If you are vegetarian, you can also opt for pure veg. You’ll know you’ve arrived at Mustafa’s when you see the long line snaking down the street.
Audrey doesn’t waste any time diving in.
READ MORE: Berlin Cheap Eats: Top 10 Under 5 Euros
Greece (Crete): Bugatsa
On the Greek island of Crete, it sometimes seemed as though all we did was eat. In the island’s main city of Heraklion, just prior to our departure, we were recommended to try bugatsa, a pastry filled with cream and/or cheese, and sprinkled with powdered sugar. The most famous bugatsa is served at Kipkop, a bakery founded in 1922 by Armenian immigrants whose descendants dish the same original recipe to this day.
Cheese and cream-filled bugatsa at Kipkop in Heraklion, Crete.
Guatemala served as our first stop in Central America. We took to street food in Antigua almost straight away. This, a chuchito (similar to a Mexican tamale – shredded meat and vegetables stuffed in a mass of boiled, ground corn), was smothered in fresh guacamole, salsa and cabbage.
A street-side chuchito for lunch in Antigua, Guatemala.
Haiti: Mayi Moulen Kole ak Legim
Lots of street food in Haiti is fried — plantains, pork, other meat bits, potatoes, etc. But if you’re looking for a hearty meal for just a couple dollars, this dish of cornmeal, beans and vegetable stew (mayi moulen kole ak legim) is where it’s at. The cornmeal consistency is somewhere between polenta and cream-of-wheat (or cream-of-cornmeal, as it were).
Morning stop for cornmeal, beans and vegetable stew in Jacmel, Haiti.
READ MORE: Haitian Food: From Pwason to Pikliz
While the rest of Central America is all about the corn, Honduras’ staple street food dish — the baleada — is made with wheat flour. And honestly, this was a relief after three months of maize. Stuffed with combinations of cheese, beans, eggs, and various meats, baleadas quickly became our Honduran comfort food.
Breakfast of champions: bean stuffed pupusa and bean and egg baleadas (right) in La Esperanza, Honduras.
How can anyone resist fried bread smothered in sour cream? That is why the Hungarian langos is an easy favorite. Make your way into just about any market in Hungary and you are sure to find langos, if the signature aroma of it doesn’t find you first. Try garlic langos and you’ll be vampire-free — and probably friendless for a few hours.
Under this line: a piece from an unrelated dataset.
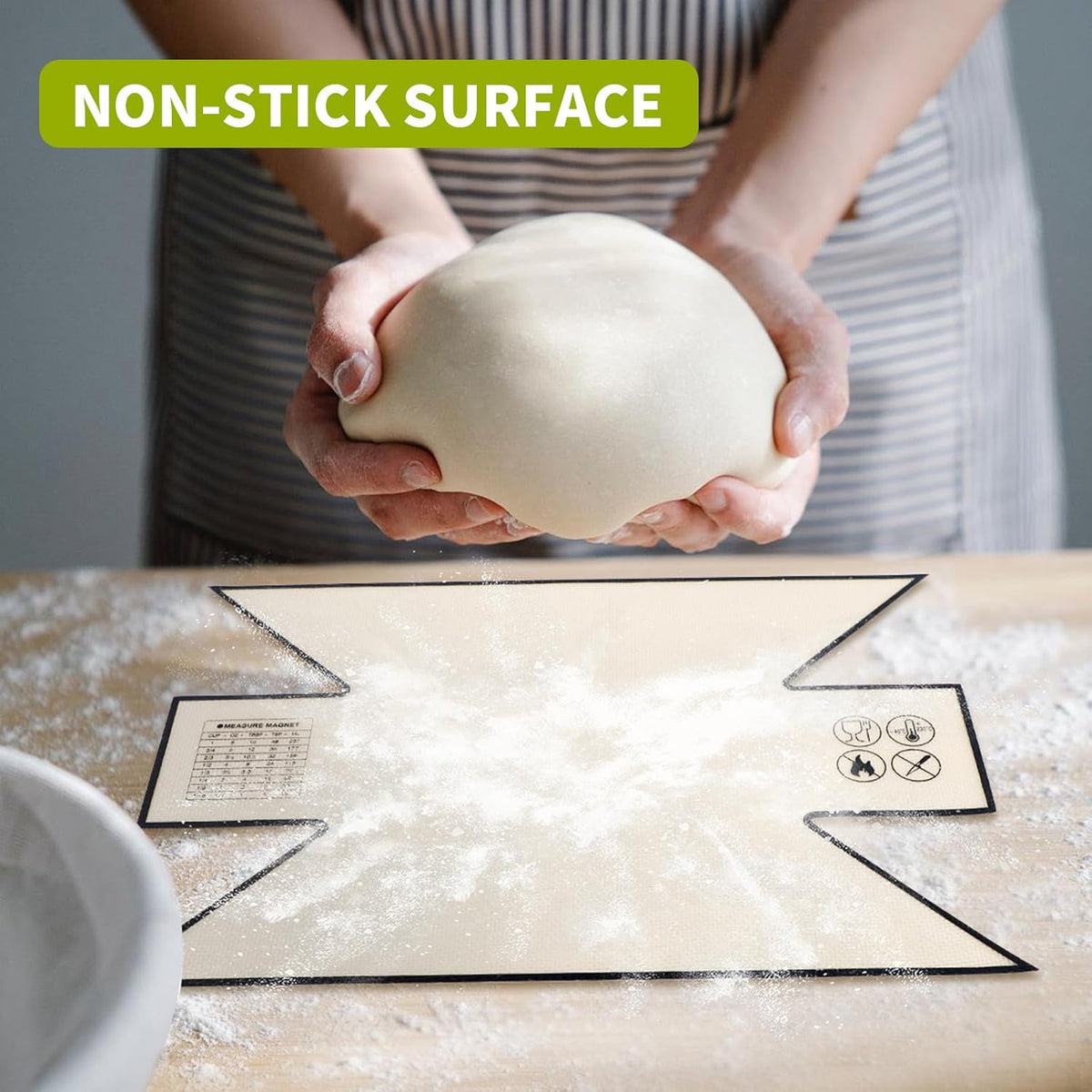 2Pcs Silicone Bread Loaf Pan Liners, Extra Thick Silicone Baking Mat for Dutch Oven, Non-Slip & Easy Clean Reusable Sourdough Bread Baking Supplie - For Bread, Cookies, Pastry (black)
Our favorite fried bread from the Langos Centrum at Lehel market in Budapest.
India: Aloo Tikki
There is so much street food goodness in India, but we’ll have to go with this aloo tikki (spiced potato snacks) stand in Varanasi as one of our favorites. The aloo tikki was good, but the charismatic vendor who roped me in to cook for him is what made the experience. Note: if you do venture to eat street food in India, stick to the cooked products and be wary of fresh herb and vegetable toppings that may have been washed in unclean water.
I learn to cook aloo tikki on the ghats of Varanasi.
READ MORE: South Indian Food: A Few Favorites
Iran: Spiced Fava Beans
After all the kebabs and meats in Iran, we were thankful to find this vendor selling a big pile of steamed, spiced fava beans in the mountains near Kermanshah. Delicious with a dash of vinegar and red pepper. I think he found our vegetable-deprived group a bit odd as we kept coming back for additional servings.
Large piles of steamed, spiced fava beans in the mountains near Kermanshah.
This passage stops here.